Flamante diputada nacional afirma que Freddy le pidió "esperar" para postularse a la Cámara baja. No le hizo caso y aceptó una propuesta de Ricardo Alfonsín para llegar al cuerpo.
María Luisa Storani acaba de recibir las llaves del despacho donde trabajará los próximos cuatro años. Con la experiencia de varias décadas de militancia en el radicalismo, la segunda hija del clan Storani y hermana mayor de Freddy llegó al Congreso Nacional por primera vez. Su oficina está prácticamente vacía: ni siquiera las computadoras han sido configuradas para empezar a trabajar. Pero Storani desborda de emoción y pasa revista a los proyectos para la agenda 2010 como una militante apasionada más del radicalismo.

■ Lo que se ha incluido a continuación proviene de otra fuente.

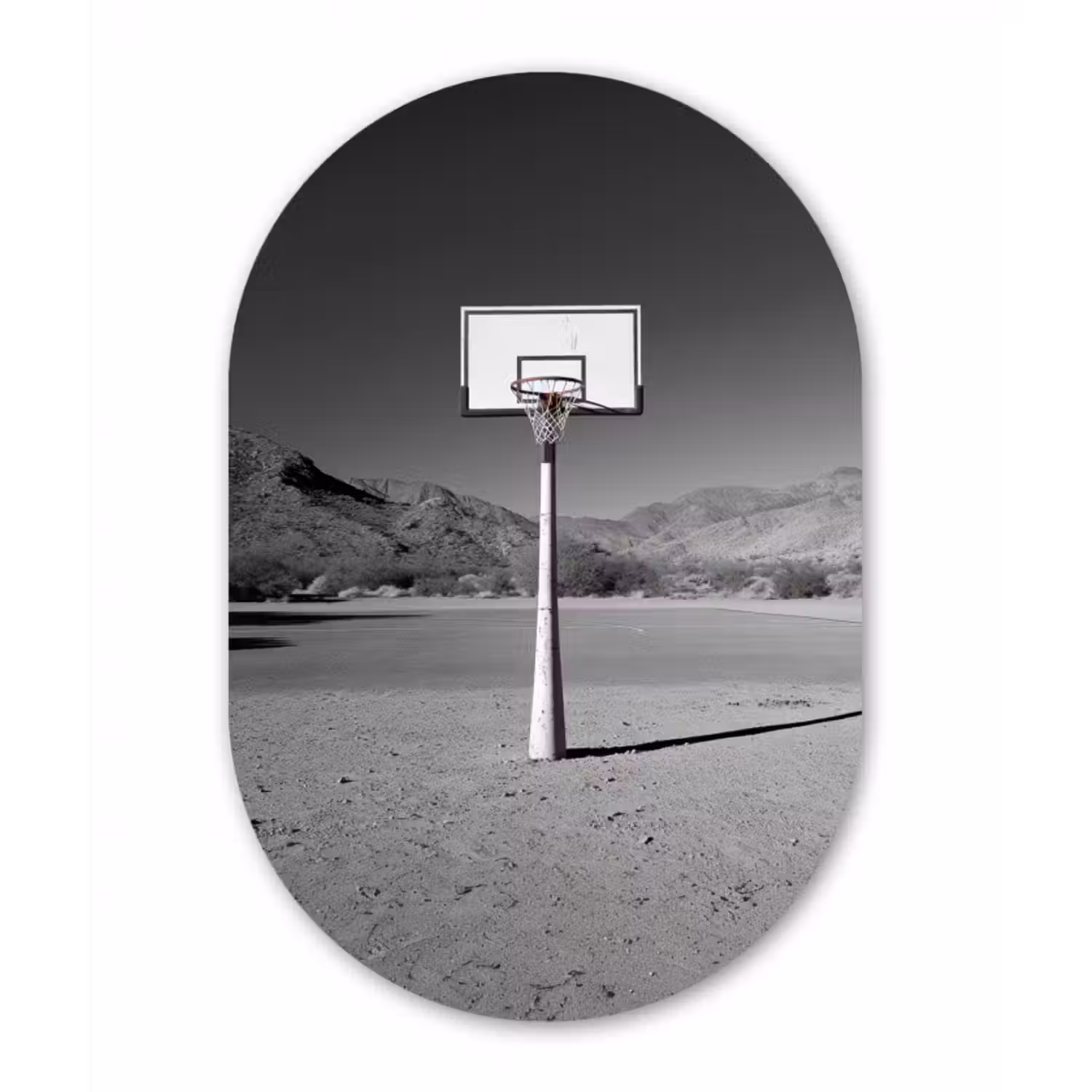 Glasbild Oval - Basketballstange - Landschaft - Sand - Weiß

La diputada fue convocada a integrar la lista por Ricardo Alfonsín y decidió dar el paso a pesar de los reparos de su hermano menor, que, en su momento, le pidió esperar. "Él me dijo que esperara. Dudó un poco, porque yo estaba aceptando una propuesta por fuera de nuestro grupo, y la verdad es que estoy contenta de haberlo hecho con Alfonsín". Fue concejal en San Fernando ocho años, donde impulsó fuertemente el Centro de la Mujer, "que nació de modo estrictamente político para impulsar la ley de cupos", y actualmente trabaja contra la violencia doméstica por "la propia necesidad de las mujeres de la zona".

—¿Cómo vivió la jura?

—Con mucha alegría, fue muy emocionante. Resultó fuerte que la presidencia estuviera a cargo de Graciela Camaño, que Pinky se ocupara de la jura, y vi a Patricia Bullrich negociando con los bloques por las comisiones. Pude observar cómo funcionaban las mujeres en la Cámara, algo que me dejó maravillada.

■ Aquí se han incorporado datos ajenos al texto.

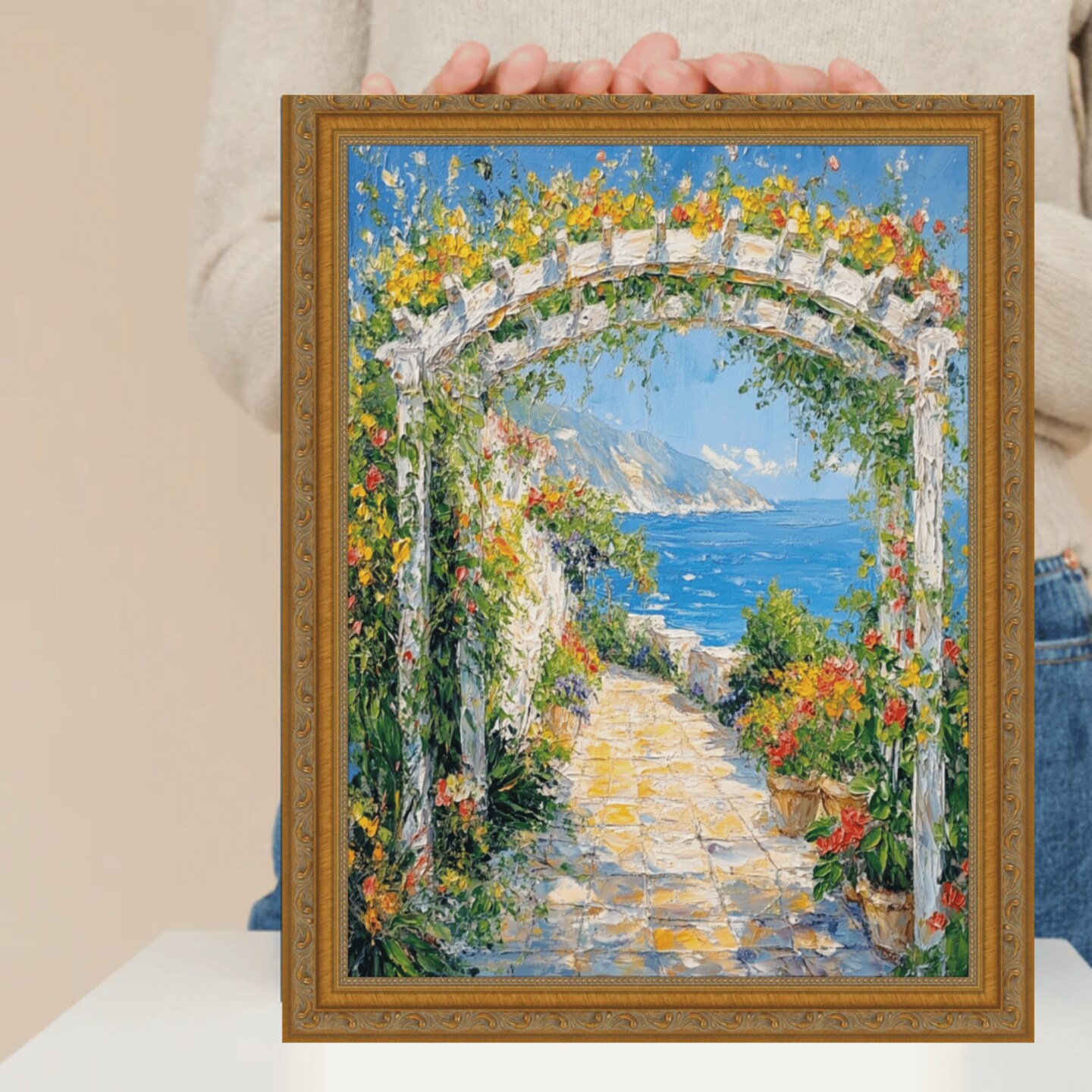 Slim Vintage Antique Gold Beaded Picture Frame 18x24 frame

—¿Va a presentar un proyecto de licencia por paternidad?

—Sí, vamos a trabajar en ese tema. También en el problema del acoso sexual a nivel de las empresas privadas, porque lo que está regulado actualmente es para el ámbito estatal. También le exigiremos al Gobierno que se aplique la ley 26.061, sancionada en 2005, que ordena la figura del defensor de los derechos de niños, niñas y adolescentes.

—¿Hay posibilidad de debatir la despenalización del aborto el año que viene?

—(Suspira). ¡Eso es lo que yo más quiero! Es un tema del que ya les vengo hablando bastante a mis compañeros del bloque. Este año ya llevan muertas 3.000 mujeres en abortos mal hechos. No es una pavada ni un capricho "feminista". Es una responsabilidad del Estado afrontar este problema porque las personas con buena situación económica no mueren y los que lo sufren son las más pobres y las más jóvenes. Sí o sí hay que legislar esto y dejar de lado la hipocresía de decir una cosa y hacer la otra.

—¿Cuál será la estrategia?

—Existe un proyecto que surgió de la Campaña Nacional por el Derecho al Aborto que perdió estado parlamentario en mayo de 2009. Es un proyecto que fue consensuado por miles y miles de personas en todo el país. Para tratarlo buscaremos el compromiso de los demás bloques, del oficialismo y de la oposición. Y también buscaremos consenso para aprobar el matrimonio gay.

—¿Cristina vetaría una ley que legalice el aborto?

—Yo creo que, si tiene presiones, la vetará. En el kirchnerismo por un lado te dicen sí y por otro lado... hacen un doble juego. Es lamentable: con Cristina tuve cierta ilusión en los temas de género, y la verdad es que fue una desilusión. Pero se podría llamar a un plebiscito para impedirlo. Mucha gente no lo dice, pero sabemos que casi el 80 por ciento está a favor de legalizar la interrupción del embarazo.

—¿Se van a revisar leyes del kirchnerismo?

—La ley de medios, que es algo que Silvana Giúdici pidió modificar en algunos de sus artículos y va a insistir con eso. De todos modos yo soy muy escéptica: en general, modificar una ley es muy difícil. Te tenés que matar cuando la ley está en debate porque después cambiar artículos puntuales puede tomar años y el tema quizás ya salió de la agenda.